Эльза Вайс свела счеты с жизнью. Никто не предвидел подобной трагедии, но когда она произошла, то была воспринята как последняя страница уже написанной летописи, как проявление Божьего промысла, вне зоны чьей-либо ответственности. Потрясение было сдержанным, сухим, лишенным эмоций. Чувства вины и злости, которые побежденные иногда передают тем, кто остался в строю, быстро притупились и развеялись. Некоторые говорили, будто соглашаясь с ней, что всего за год выросло новое поколение учеников – поколение дикое и грубое, для которого не существует авторитетов.
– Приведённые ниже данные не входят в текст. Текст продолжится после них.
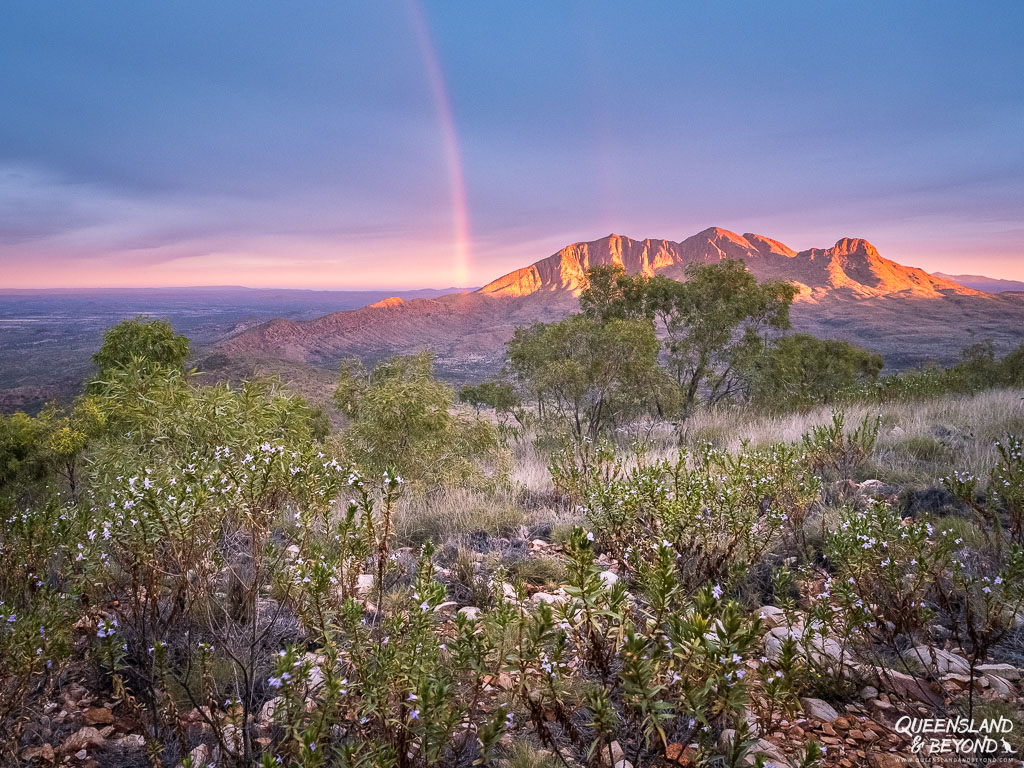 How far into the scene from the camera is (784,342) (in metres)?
20.1

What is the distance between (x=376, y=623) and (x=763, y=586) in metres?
3.11

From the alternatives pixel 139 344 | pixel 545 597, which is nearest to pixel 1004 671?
pixel 545 597

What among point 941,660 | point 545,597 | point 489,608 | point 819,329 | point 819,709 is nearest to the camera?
point 819,709

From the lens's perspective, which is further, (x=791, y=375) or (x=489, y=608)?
(x=791, y=375)

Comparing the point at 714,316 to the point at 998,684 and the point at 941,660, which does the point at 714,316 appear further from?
the point at 998,684

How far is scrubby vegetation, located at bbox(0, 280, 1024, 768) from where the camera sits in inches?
81.7

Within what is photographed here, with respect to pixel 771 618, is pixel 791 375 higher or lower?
higher

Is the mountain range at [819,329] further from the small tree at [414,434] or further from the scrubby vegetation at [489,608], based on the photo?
the scrubby vegetation at [489,608]

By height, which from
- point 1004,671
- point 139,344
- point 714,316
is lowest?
point 1004,671

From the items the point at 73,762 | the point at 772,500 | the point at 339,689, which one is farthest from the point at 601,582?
the point at 772,500

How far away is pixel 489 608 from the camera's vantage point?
3627 mm

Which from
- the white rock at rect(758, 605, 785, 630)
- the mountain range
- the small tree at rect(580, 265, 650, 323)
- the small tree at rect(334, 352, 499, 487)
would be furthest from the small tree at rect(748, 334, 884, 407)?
the mountain range

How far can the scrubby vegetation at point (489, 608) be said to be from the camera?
81.7 inches

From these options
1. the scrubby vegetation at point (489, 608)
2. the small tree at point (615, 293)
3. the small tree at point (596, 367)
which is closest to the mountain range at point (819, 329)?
the small tree at point (615, 293) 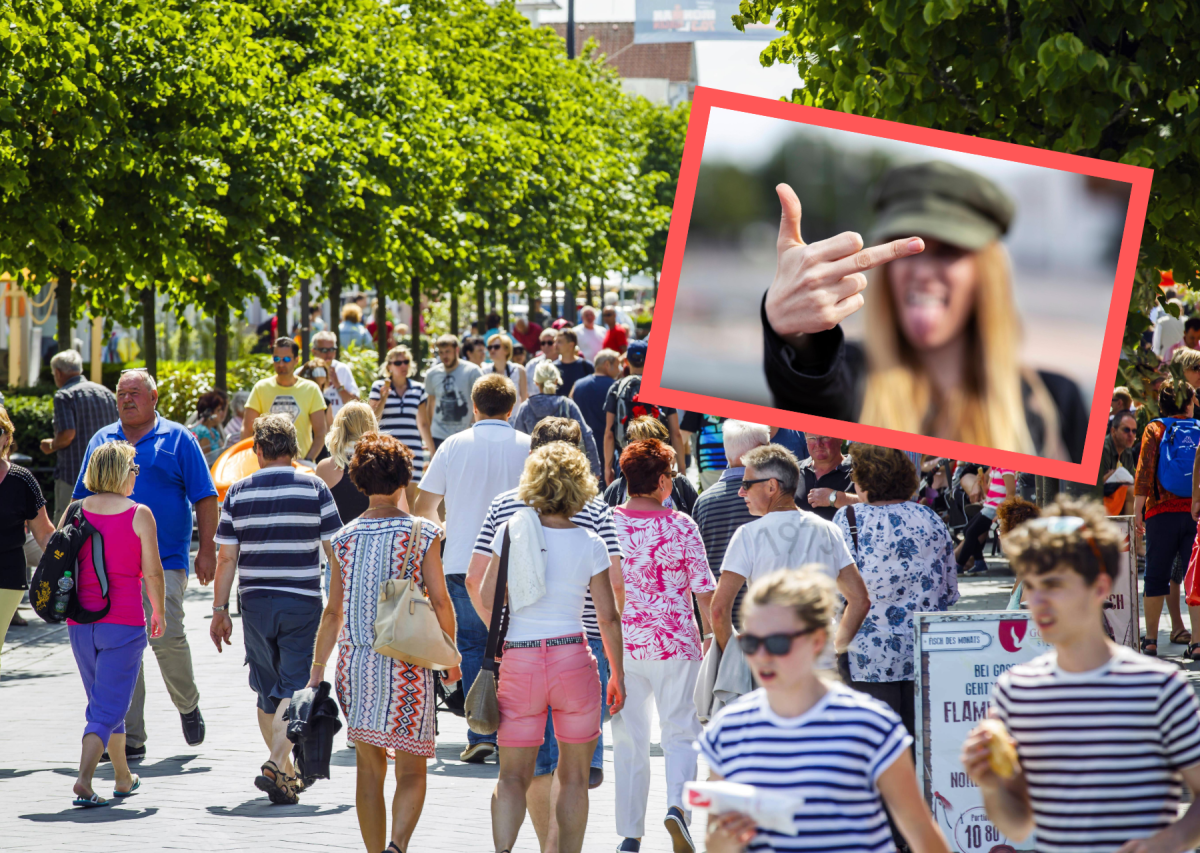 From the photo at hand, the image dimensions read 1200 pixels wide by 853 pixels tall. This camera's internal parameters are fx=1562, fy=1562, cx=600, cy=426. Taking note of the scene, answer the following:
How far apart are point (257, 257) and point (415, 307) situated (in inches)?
478

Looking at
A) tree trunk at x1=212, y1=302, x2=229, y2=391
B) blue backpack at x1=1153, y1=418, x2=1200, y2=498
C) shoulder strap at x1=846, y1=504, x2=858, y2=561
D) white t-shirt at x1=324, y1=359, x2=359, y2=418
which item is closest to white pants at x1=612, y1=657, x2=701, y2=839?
shoulder strap at x1=846, y1=504, x2=858, y2=561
Говорили, что «после нас» все стало по-другому, как будто жизнь и смерть Эльзы Вайс действительно лежали на нашей совести. По какой-то причине некоторых устраивало это объяснение – хотя оно должно было навести на очевидную мысль, что, выбрав свою дорогу в жизни, мы стали ее убийцами. Но мы не значили для нее столько, чтобы стать причиной ее смерти. Это же объяснение предполагало, что поступок был продиктован безумием, к которому школа не имела отношения, и предопределен женщине, которая всегда чувствовала себя особенной. Плотная завеса молчания, которая скрывала ее жизнь, стала еще плотнее после ее смерти. В школе жизнь вернулась на круги своя. На место Эльзы Вайс нашли замену. Это было концом эпохи, которой она предводительствовала, не претендуя на звание, не пытаясь навязать свое мировоззрение, не задавая тон. Она и была нашей школой.
31
В годы парижской жизни я каждую неделю преподавала иврит в ортодоксальной синагоге в XIX округе. Надевала длинное хлопковое платье, поверх – шерстяную безрукавку и приезжала за полчаса до начала занятий. К тому времени сотрудники и прихожане уже расходились. Я получила ключ от главного входа и обустроила классную комнату. Днем и ночью в здании на всю громкость вещало «Еврейское радио», даже когда синагога была закрыта. Стоявшие вплотную парты были перепачканы остатками еды. Я вытирала лужицу слюны, стекшей с мясистых губ шамеса[25], который имел обыкновение вздремнуть после обеда, положив голову на парту, после чего не удосуживался за собой убрать. В углу за перегородкой хранилось множество сладостей и консервов, стояли вина для кидуша и небольшой холодильник для персонала. К семи вечера собирались мои взрослые студенты, человек восемь, большинство из которых – рабочие и домохозяйки, жившие в своего рода добровольном гетто этого округа; одни Париж ненавидели и презирали, другие были к нему безразличны. Очень немногие побывали на той стороне Сены, где располагался Латинский квартал, в Лувре, д’Орсэ или в Опере Бастилии. Лишь Иерусалим разжигал в них стремление к абсолютной справедливости и ненависть к его врагам, реальным или воображаемым.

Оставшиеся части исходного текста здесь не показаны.